Good essay, though perhaps "user" has some of the problems we have when taking about "content" (e.g. art, music, movies) and "consumers" of it in that it automatically places the thing we're talking about in a narrow box. Someone who practices the freedom to change software is surely a developer— in the language of people-in-boxes— not a user. Why care about user's freedom to do something they don't do by definition?
I guess that talking about 'freedom' without great care runs into the problem that suggesting to someone that they are being oppressed is a quite uphill battle: (imagine a Monty python sketch) "See here! you're being oppressed!" "Uh. No I'm not" "Yes you are!" "If _I_ were being oppressed you can be sure I'd already know it!" "No sir, you can only be free if you stand on one leg!" "One leg you say? Well that doesn't sound free at all! It sounds bloody inconvenient!" "maybe a little, but if you use both then you have to buy two shoes!" "but everyone buys two shoes!" "now you see how insidious the oppression is!" […]

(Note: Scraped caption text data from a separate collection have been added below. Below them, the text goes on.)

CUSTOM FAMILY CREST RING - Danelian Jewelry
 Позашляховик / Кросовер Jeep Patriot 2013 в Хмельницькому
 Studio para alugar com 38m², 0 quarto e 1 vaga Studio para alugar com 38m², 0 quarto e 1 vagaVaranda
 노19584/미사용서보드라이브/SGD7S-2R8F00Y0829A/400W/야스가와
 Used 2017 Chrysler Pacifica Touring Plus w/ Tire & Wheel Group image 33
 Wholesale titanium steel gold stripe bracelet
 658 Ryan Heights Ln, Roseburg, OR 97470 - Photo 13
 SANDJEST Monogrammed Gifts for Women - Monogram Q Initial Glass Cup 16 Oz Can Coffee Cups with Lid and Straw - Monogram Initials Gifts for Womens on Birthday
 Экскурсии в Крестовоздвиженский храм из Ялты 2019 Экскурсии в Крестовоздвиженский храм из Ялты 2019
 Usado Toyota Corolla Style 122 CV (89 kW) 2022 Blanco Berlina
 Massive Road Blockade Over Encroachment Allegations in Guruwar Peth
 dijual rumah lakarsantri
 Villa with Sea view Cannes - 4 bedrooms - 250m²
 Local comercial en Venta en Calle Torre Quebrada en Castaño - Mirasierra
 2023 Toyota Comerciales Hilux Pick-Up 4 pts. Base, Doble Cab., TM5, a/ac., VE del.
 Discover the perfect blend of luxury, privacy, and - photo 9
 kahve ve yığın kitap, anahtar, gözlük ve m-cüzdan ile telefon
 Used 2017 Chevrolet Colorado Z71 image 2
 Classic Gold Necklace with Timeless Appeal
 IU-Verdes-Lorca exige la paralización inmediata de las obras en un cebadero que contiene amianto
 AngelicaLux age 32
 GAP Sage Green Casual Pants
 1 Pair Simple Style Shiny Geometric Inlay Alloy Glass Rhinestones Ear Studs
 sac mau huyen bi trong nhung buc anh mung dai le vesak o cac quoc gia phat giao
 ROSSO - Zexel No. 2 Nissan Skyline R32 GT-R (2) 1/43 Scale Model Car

I wonder if more effective when we talk about abstract freedom in terms of what _other people_ should have a right to while the _personal_ discussion should center more on the concrete things they can and can't do ('Can you change the OS on your computer?', 'can a third party evaluate this system for spyware?'). Though maybe I'm falling into the trap of 'open source'— but I don't think so, I suggest this not because of any discomfort in talking about freedom, but rather because people just seem unwilling to believe they don't have it ("I'm quite free, I can facetime with any Apple approved device I want!") but more willing to believe that other people are being deprived it.
On further contemplation I wonder if my suggestion that there be a name for secureboot-freedom-as-a-feature isn't actually a bad one. The line between a restriction and a missing functionality can be blurry to people: Many people seem unaware of restrictions on their ebook devices because without an obvious copy button that tells them "no" the inability to copy just seems like one of an infinite number of benignly non-implemented features. Promoting freedom as a feature runs the risk of making non-freedom sound like a regrettable but perhaps forgivable omission rather than a hostile act of control.